▶ Directions
Examine the entries and show every line in which the word "Abstract" is found.

▶ Material for this task

+ + + + + + +

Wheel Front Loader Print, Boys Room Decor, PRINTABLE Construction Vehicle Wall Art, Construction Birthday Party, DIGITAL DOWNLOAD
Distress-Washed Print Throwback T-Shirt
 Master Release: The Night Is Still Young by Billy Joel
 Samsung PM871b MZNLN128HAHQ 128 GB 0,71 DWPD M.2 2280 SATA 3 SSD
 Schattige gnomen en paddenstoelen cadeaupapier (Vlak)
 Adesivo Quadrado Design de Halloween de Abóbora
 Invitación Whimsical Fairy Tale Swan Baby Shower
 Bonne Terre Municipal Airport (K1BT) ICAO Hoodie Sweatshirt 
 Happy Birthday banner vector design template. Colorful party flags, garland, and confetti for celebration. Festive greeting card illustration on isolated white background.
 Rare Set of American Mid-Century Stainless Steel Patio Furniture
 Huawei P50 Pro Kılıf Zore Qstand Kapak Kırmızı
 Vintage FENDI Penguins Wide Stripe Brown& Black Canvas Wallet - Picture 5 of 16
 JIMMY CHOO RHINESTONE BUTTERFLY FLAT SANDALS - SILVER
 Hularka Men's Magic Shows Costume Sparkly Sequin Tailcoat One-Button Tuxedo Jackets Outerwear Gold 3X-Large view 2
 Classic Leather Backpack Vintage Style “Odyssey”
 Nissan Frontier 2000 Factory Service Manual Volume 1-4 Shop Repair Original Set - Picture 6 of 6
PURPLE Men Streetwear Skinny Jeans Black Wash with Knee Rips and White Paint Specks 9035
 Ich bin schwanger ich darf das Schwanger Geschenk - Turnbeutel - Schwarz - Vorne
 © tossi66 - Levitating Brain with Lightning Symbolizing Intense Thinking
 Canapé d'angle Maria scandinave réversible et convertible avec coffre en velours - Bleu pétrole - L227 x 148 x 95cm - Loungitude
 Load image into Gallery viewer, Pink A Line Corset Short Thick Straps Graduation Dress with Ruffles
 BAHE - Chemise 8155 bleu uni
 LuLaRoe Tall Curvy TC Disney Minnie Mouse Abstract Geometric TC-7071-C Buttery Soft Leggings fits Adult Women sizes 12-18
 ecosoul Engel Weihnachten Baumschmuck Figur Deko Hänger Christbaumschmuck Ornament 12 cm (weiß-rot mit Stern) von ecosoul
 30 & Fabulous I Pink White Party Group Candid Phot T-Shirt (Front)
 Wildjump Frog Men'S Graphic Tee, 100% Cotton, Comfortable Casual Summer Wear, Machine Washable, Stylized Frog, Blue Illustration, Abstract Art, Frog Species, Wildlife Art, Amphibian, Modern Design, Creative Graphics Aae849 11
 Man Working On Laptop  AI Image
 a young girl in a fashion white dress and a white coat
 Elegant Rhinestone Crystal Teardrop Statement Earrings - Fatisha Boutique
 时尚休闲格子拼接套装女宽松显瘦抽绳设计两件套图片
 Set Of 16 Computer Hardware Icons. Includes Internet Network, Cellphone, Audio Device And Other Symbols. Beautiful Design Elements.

+ + + + + + +

▶ Task output
 LuLaRoe Tall Curvy TC Disney Minnie Mouse Abstract Geometric TC-7071-C Buttery Soft Leggings fits Adult Women sizes 12-18
 Wildjump Frog Men'S Graphic Tee, 100% Cotton, Comfortable Casual Summer Wear, Machine Washable, Stylized Frog, Blue Illustration, Abstract Art, Frog Species, Wildlife Art, Amphibian, Modern Design, Creative Graphics Aae849 11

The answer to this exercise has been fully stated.